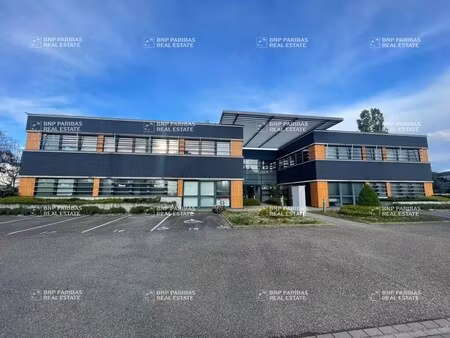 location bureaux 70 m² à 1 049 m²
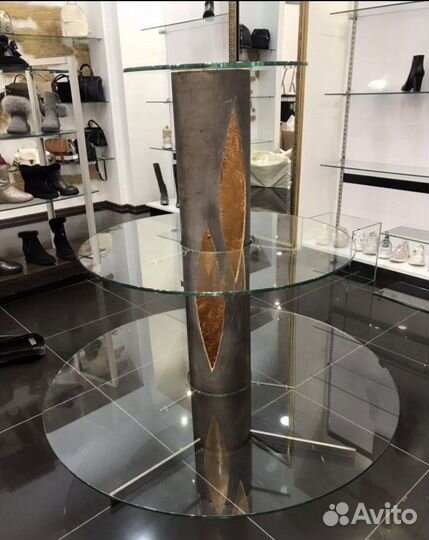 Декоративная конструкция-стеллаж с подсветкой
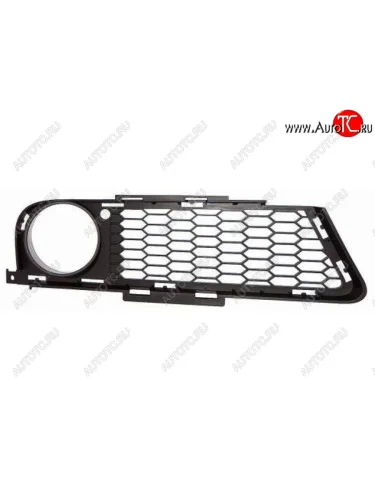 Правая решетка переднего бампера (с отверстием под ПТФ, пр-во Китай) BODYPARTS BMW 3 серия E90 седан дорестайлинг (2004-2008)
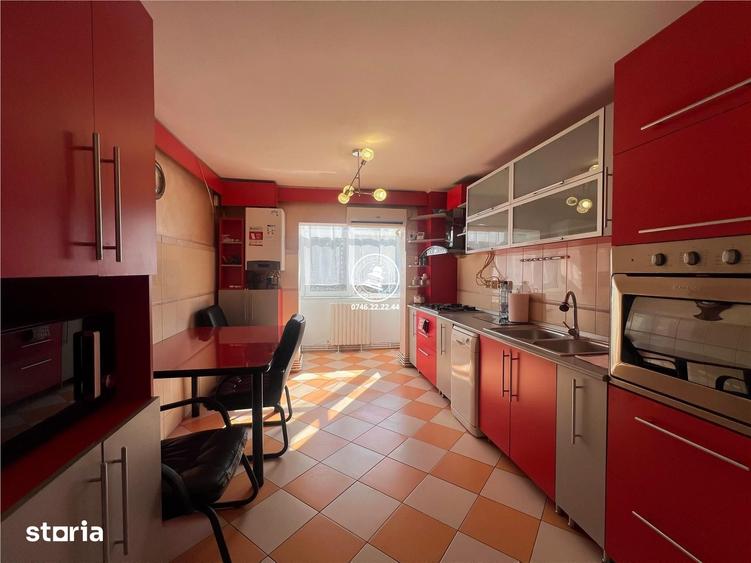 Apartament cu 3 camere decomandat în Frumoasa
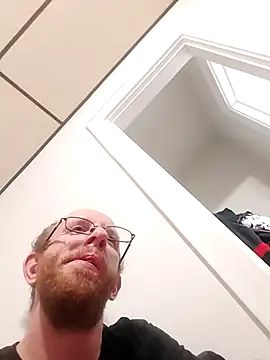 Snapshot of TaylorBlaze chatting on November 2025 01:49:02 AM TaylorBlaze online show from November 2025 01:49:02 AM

--

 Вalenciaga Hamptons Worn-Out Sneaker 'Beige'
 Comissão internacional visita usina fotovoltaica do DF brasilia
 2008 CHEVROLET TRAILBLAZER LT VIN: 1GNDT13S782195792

» **Task requirements**
From the records above, transcribe only the stretch from the line with "location bureaux 70 m² à 1 049 m²" through the line with "Snapshot of TaylorBlaze", keeping both ends. Omit pictures.

» **Answer box**
 location bureaux 70 m² à 1 049 m²
 Декоративная конструкция-стеллаж с подсветкой
 Правая решетка переднего бампера (с отверстием под ПТФ, пр-во Китай) BODYPARTS BMW 3 серия E90 седан дорестайлинг (2004-2008)
 Apartament cu 3 camere decomandat în Frumoasa
 Snapshot of TaylorBlaze chatting on November 2025 01:49:02 AM TaylorBlaze online show from November 2025 01:49:02 AM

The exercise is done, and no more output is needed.